[Opening INFORMATION SUPPLIED section]
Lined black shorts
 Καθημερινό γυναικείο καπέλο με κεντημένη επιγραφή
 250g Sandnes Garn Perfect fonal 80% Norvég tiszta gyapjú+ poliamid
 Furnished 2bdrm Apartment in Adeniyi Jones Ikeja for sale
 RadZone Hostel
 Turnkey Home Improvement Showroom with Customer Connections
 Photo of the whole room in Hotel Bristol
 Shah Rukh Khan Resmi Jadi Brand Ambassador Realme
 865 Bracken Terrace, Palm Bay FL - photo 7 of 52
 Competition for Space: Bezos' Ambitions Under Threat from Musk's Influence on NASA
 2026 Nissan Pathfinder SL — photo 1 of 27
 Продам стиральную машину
[Closing INFORMATION SUPPLIED section]
--- ABOUT THIS EXERCISE ---
Each line of the listing should be copied exactly.

--- YOUR SOLUTION ---
Lined black shorts
 Καθημερινό γυναικείο καπέλο με κεντημένη επιγραφή
 250g Sandnes Garn Perfect fonal 80% Norvég tiszta gyapjú+ poliamid
 Furnished 2bdrm Apartment in Adeniyi Jones Ikeja for sale
 RadZone Hostel
 Turnkey Home Improvement Showroom with Customer Connections
 Photo of the whole room in Hotel Bristol
 Shah Rukh Khan Resmi Jadi Brand Ambassador Realme
 865 Bracken Terrace, Palm Bay FL - photo 7 of 52
 Competition for Space: Bezos' Ambitions Under Threat from Musk's Influence on NASA
 2026 Nissan Pathfinder SL — photo 1 of 27
 Продам стиральную машину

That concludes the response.